Russia’s economy is plunging into recession and inflation is still hovering near a 10-year high after Russia sent tens of thousands of troops into Ukraine on Feb. 24, triggering unprecedented Western sanctions.
The evidence of economic contraction was underpinned by Rosstat data showing that Russia’s industrial output fell 1.7% in May compared with a year ago. Some sectors recorded a massive downturn, including car production which shrank 96.7% in annual terms.
But the number of people unemployed in Russia slid 1 percentage point to 3.9% of the workforce in May, its lowest since the statistics service started publishing the figure in 1992, according to the Eikon database.

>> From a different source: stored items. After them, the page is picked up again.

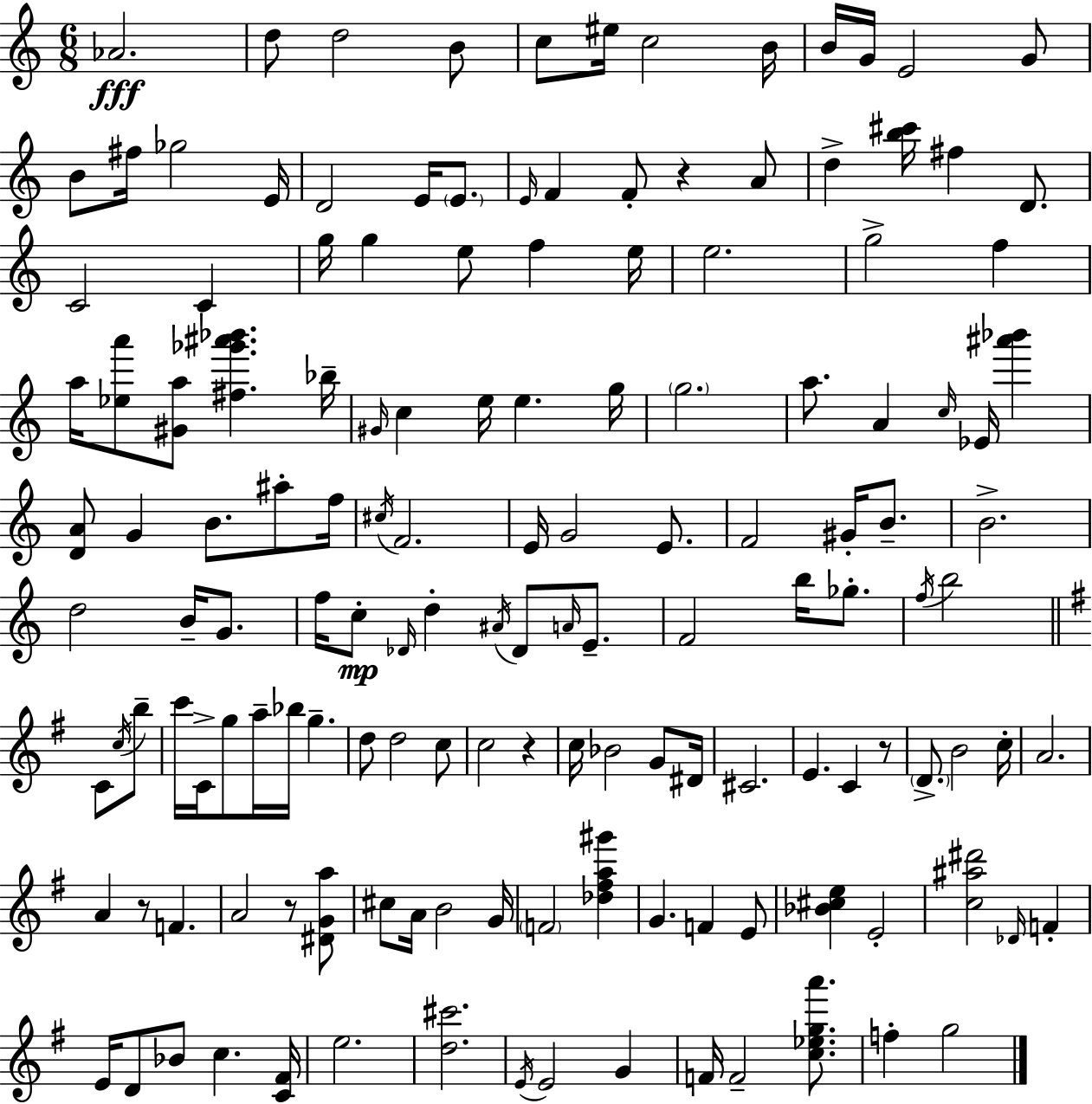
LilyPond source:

{
  \clef treble
  \numericTimeSignature
  \time 6/8
  \key a \minor
  aes'2.\fff | d''8 d''2 b'8 | c''8 eis''16 c''2 b'16 | b'16 g'16 e'2 g'8 | \break b'8 fis''16 ges''2 e'16 | d'2 e'16 \parenthesize e'8. | \grace { e'16 } f'4 f'8-. r4 a'8 | d''4-> <b'' cis'''>16 fis''4 d'8. | \break c'2 c'4 | g''16 g''4 e''8 f''4 | e''16 e''2. | g''2-> f''4 | \break a''16 <ees'' a'''>8 <gis' a''>8 <fis'' ges''' ais''' bes'''>4. | bes''16-- \grace { gis'16 } c''4 e''16 e''4. | g''16 \parenthesize g''2. | a''8. a'4 \grace { c''16 } ees'16 <ais''' bes'''>4 | \break <d' a'>8 g'4 b'8. | ais''8-. f''16 \acciaccatura { cis''16 } f'2. | e'16 g'2 | e'8. f'2 | \break gis'16-. b'8.-- b'2.-> | d''2 | b'16-- g'8. f''16 c''8-.\mp \grace { des'16 } d''4-. | \acciaccatura { ais'16 } des'8 \grace { a'16 } e'8.-- f'2 | \break b''16 ges''8.-. \acciaccatura { f''16 } b''2 | \bar "||" \break \key g \major c'8 \acciaccatura { c''16 } b''8-- c'''16 c'16-> g''8 a''16-- bes''16 g''4.-- | d''8 d''2 | c''8 c''2 | r4 c''16 bes'2 | \break g'8 dis'16 cis'2. | e'4. c'4 | r8 \parenthesize d'8.-> b'2 | c''16-. a'2. | \break a'4 r8 f'4. | a'2 | r8 <dis' g' a''>8 cis''8 a'16 b'2 | g'16 \parenthesize f'2 | \break <des'' fis'' a'' gis'''>4 g'4. f'4 | e'8 <bes' cis'' e''>4 e'2-. | <c'' ais'' dis'''>2 | \grace { des'16 } f'4-. e'16 d'8 bes'8 c''4. | \break <c' fis'>16 e''2. | <d'' cis'''>2. | \acciaccatura { e'16 } e'2 | g'4 f'16 f'2-- | \break <c'' ees'' g'' a'''>8. f''4-. g''2 | \bar "|."
}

This came as a surprise as experts predicted an increase in unemployment, especially given that scores of Western companies have decided to leave Russia and some have cut their staff.
Analysts polled by Reuters had on average forecast unemployment of 4.5% in May.

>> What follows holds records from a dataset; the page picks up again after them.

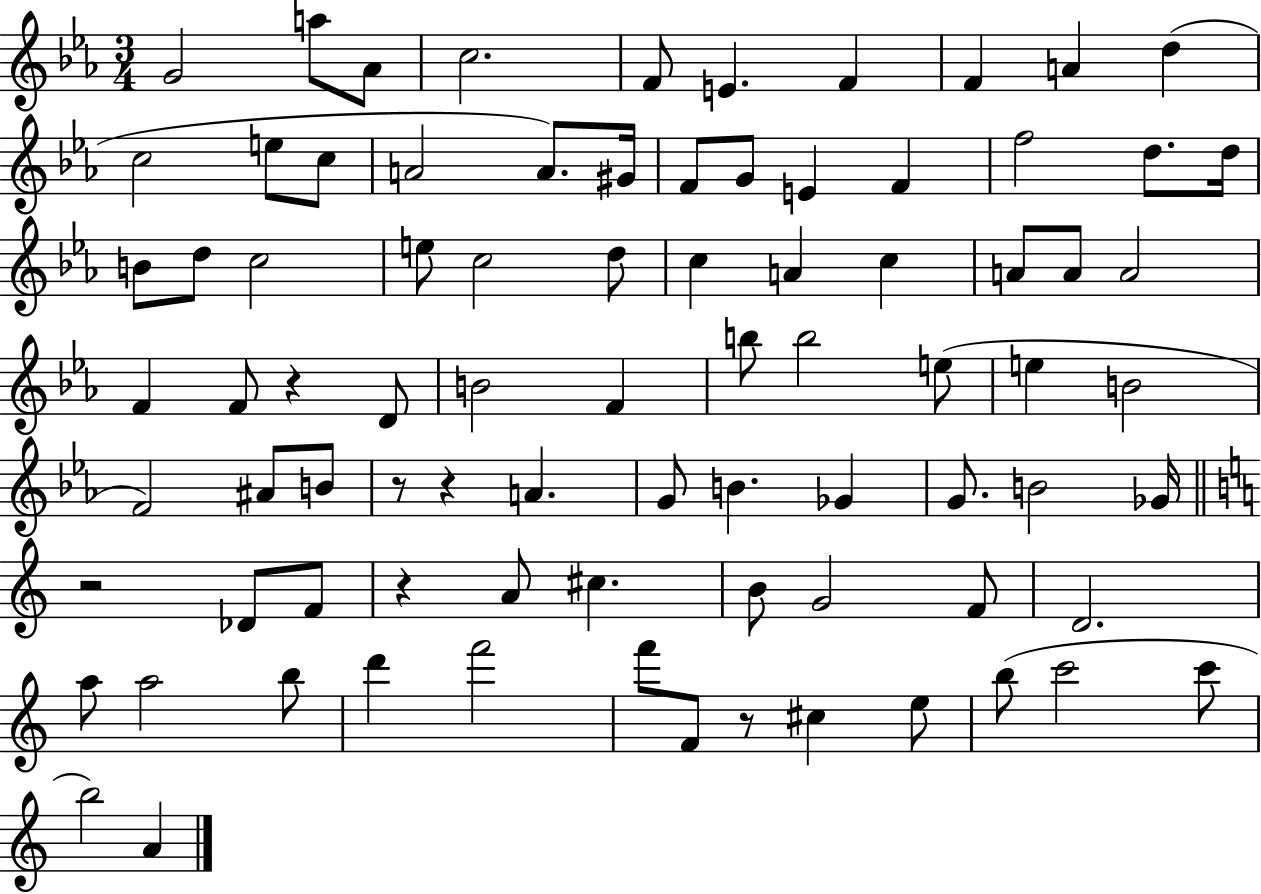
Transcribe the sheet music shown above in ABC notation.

X:1
T:Untitled
M:3/4
L:1/4
K:Eb
G2 a/2 _A/2 c2 F/2 E F F A d c2 e/2 c/2 A2 A/2 ^G/4 F/2 G/2 E F f2 d/2 d/4 B/2 d/2 c2 e/2 c2 d/2 c A c A/2 A/2 A2 F F/2 z D/2 B2 F b/2 b2 e/2 e B2 F2 ^A/2 B/2 z/2 z A G/2 B _G G/2 B2 _G/4 z2 _D/2 F/2 z A/2 ^c B/2 G2 F/2 D2 a/2 a2 b/2 d' f'2 f'/2 F/2 z/2 ^c e/2 b/2 c'2 c'/2 b2 A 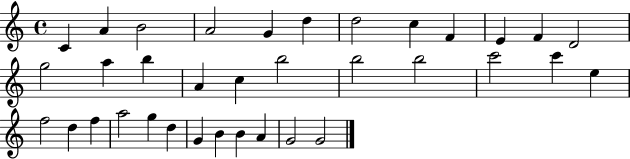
{
  \clef treble
  \time 4/4
  \defaultTimeSignature
  \key c \major
  c'4 a'4 b'2 | a'2 g'4 d''4 | d''2 c''4 f'4 | e'4 f'4 d'2 | \break g''2 a''4 b''4 | a'4 c''4 b''2 | b''2 b''2 | c'''2 c'''4 e''4 | \break f''2 d''4 f''4 | a''2 g''4 d''4 | g'4 b'4 b'4 a'4 | g'2 g'2 | \break \bar "|."
} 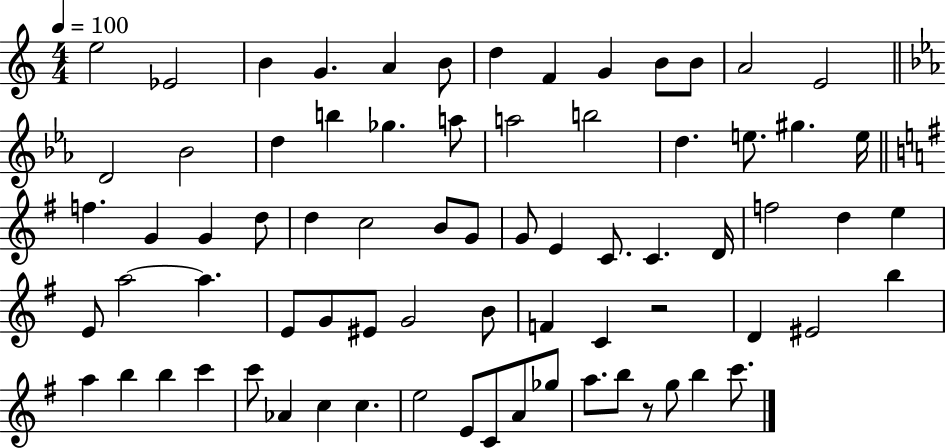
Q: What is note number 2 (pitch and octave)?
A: Eb4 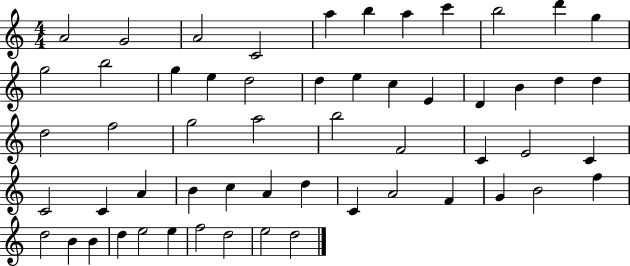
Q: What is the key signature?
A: C major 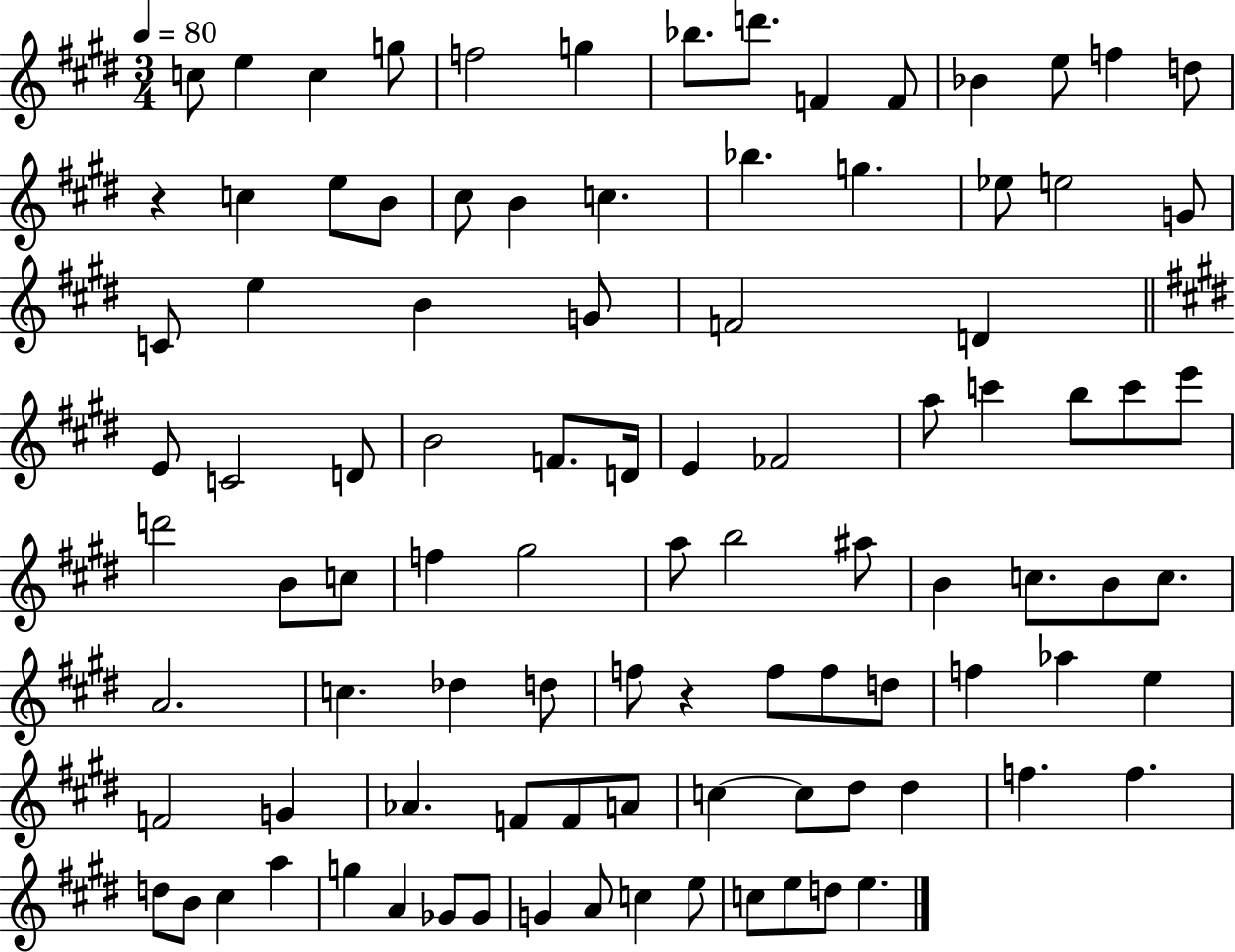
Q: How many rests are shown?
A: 2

Despite the robust employment figure, demand in the economy was weak, Economy Minister Maxim Reshetnikov said on Wednesday.
Retail sales, the gauge of consumer demand, which is Russia’s main economic growth driver, fell 10.1% in May after a 9.8% drop in April. Analysts had forecast a fall of 5.5% compared with the year-ago period in the Reuters poll.

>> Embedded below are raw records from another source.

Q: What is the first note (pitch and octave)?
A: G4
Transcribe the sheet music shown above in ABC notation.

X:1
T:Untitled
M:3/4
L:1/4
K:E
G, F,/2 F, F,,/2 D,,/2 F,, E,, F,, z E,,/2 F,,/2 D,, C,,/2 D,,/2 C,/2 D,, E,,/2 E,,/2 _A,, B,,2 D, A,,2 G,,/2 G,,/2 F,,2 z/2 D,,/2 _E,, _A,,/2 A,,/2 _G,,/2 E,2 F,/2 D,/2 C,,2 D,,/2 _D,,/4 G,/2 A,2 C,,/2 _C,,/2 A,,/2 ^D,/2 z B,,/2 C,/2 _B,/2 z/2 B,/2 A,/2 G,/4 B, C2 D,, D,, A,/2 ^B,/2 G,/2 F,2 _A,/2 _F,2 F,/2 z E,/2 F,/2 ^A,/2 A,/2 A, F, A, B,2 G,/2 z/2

The decline in demand comes after real wages, which are adjusted for inflation, fell 7.2% year-on-year in April, Rosstat data showed on Wednesday.
Russia’s economy will shrink 15% this year and 3% in 2023 as the hit from Western sanctions, an exodus of companies, a Russian “brain drain” and collapse in exports wipe out 15 years of economic gains, a global banking industry lobby group said in June.
The latest Russian official forecasts are less pessimistic. The economy ministry expects gross domestic product (GDP) to contract by 7.8% in 2022. Previously, it had said the economy was on track to contract by more than 12%, in what would be the biggest GDP drop since the mid-1990s, after the fall of the Soviet Union.